I love making this bread recipe from the book Artisan Bread in Five Minutes a Day. It's very easy and after a couple of times the long directions don't seem nearly as daunting. Here is the recipe with my tweaks in italics. I know this recipe is long and seems so confusing but just doing it a couple times makes it very simple. I actually don't own this book yet, and am hoping to get it for a birthday gift from my husband. I have heard there are some great variations of this recipe, including a whole wheat loaf which I would love to make. I love that I know the bread my family is eating when I make this is free of preservatives and it tastes so fresh. I also think this a very special thing to make during Lent to symbolize the Last Supper and Jesus' sacrifice for us of His body which He offers to us as the bread of life.
While they were eating, Jesus took bread, said the blessing, broke it, and giving it to his disciples said, "Take and eat; this is my body."
- Matthew 26:26
Jesus said to them, "I am the bread of life; whoever comes to me will never hunger, and whoever believes in me will never thirst."
- John 6:35
Artisan Bread
Preparation time: 15 minutes to prepare enough dough for four loaves, to be baked over four days. Each daily loaf will average 5 minutes of active preparation time. Makes four 1-pound loaves.
3 cups lukewarm water (about 100º F)
1 1/2 tablespoons granulated yeast
1 1/2 tablespoons kosher or other coarse salt
6 1/2 cups all-purpose white flour (no need to sift)
Cornmeal for the pizza peel (I don't use this)
1. In a 5-quart bowl, mix the yeast, water and salt. Add all the flour, then use a wooden spoon to mix until all ingredients are uniformly moist. It is not necessary to knead or continue mixing once the ingredients are uniformly moist. This will produce a loose and very wet dough.
2.Cover with a lid (not airtight). Allow the mixture to rise at room temperature until it begins to collapse, about 2 hours, but no more than 5 hours.3. After rising, the dough can be baked immediately, or covered (non completely airtight) and refrigerated up to 14 days. The dough will be easier to work with after at least 3 hours refrigeration.
4. On baking day, prepare a pizza peel by sprinkling it liberally with cornmeal (I don't have a pizza peel so I prep my loaf on a plastic cutting board and then let it rest as below on a small square of parchment paper which is covered with flour and that parchment paper and dough sits on a small plastic cutting board. I also don't use cornmeal because my loaf sticks to the parchment paper which when I stick it into the oven slides right off the small cutting board as one unit onto a cookie sheet already in the oven.) to prevent the bread from sticking when you transfer it to the oven. Uncover the dough and sprinkle the surface with flour. Pull up and cut off a 1-pound (grapefruit-size) piece of dough (serrated knives are best). Store the remaining dough in the bowl and refrigerate for baking at another time.

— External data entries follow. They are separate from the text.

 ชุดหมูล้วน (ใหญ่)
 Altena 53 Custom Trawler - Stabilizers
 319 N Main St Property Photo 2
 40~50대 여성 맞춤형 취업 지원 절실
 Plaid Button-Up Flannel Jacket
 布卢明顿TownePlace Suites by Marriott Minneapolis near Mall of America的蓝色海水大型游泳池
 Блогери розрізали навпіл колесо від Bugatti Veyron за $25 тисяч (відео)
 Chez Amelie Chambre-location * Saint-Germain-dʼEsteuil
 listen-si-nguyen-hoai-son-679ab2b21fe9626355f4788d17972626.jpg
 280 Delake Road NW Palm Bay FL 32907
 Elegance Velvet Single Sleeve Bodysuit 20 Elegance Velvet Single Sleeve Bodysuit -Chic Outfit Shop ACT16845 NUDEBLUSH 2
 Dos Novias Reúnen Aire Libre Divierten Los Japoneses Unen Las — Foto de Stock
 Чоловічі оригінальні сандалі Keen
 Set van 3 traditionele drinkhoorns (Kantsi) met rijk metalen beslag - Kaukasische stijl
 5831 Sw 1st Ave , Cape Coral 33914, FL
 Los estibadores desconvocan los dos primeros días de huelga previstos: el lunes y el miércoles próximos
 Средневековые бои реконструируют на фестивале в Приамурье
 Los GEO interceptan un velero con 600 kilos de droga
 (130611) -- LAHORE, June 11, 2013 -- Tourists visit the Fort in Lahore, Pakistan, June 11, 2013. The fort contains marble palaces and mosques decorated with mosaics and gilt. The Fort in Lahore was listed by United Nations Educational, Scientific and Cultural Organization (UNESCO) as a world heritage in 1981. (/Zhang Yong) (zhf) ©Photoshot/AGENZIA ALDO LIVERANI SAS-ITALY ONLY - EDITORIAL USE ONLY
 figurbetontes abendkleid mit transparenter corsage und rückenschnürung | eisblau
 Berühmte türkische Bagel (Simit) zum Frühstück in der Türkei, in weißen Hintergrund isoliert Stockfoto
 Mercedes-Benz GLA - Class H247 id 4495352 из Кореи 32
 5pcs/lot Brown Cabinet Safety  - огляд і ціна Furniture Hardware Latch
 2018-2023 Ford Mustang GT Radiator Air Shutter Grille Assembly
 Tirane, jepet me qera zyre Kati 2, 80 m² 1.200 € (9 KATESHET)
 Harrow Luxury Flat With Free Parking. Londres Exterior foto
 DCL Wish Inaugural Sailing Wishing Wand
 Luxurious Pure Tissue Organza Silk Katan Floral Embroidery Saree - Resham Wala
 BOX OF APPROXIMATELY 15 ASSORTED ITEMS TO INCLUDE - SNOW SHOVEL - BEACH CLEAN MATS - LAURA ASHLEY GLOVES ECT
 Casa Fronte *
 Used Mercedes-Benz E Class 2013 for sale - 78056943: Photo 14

Note my small green cutting board (Target $1 section purchase which I use all the time) under the parchment paper with the dough on it. I use the cutting board as a sliding vehicle that the parchment paper slides off of onto the cookie sheet in the oven.
5. Hold the mass of dough in your hands and add a little more flour as needed so it won't stick. Create a smooth ball of dough by gently pulling the sides down around to the bottom, rotating the ball a quarter-turn as you go. While shaping, most of the dusting flour will fall off. The bottom of the loaf may appear to be a collection of bunched ends, but it will flatten out during resting and baking. Shaping the loaf this way should take no more than 1 minute.
6.Place the dough on the pizza peel. Allow the loaf to rest for about 40 minutes. It does not need to be covered. The bread may not rise much during this time.
7. Twenty minutes before baking, place a pizza stone on the center rack of the oven. If you don't have a baking stone, use another baking sheet (this is what I do, just an old cookie sheet). Remove any upper racks. Place a broiler pan on a rack below the pizza stone or on the floor of the oven. Preheat oven to 450 F.8. When the dough has rested for 40 minutes, dust the top liberally with flour, then use a serrated knife to slash a 1/4-inch-deep cross or tic-tac-toe pattern into the top (during Lent or always you could make this the shape of a cross instead of an "x" to signify Jesus' sacrifice for us on the cross)
9. Slide the loaf off the peel and onto the baking stone. Quickly but carefully pour 1 cup of hot water into the broiler tray and close the oven door.
10. Bake for about 30 minutes (I usually only cook 25-27 minutes), or until the crust is nicely browned and firm to the touch. Allow the bread to cool completely, preferably on a wire cooling rack.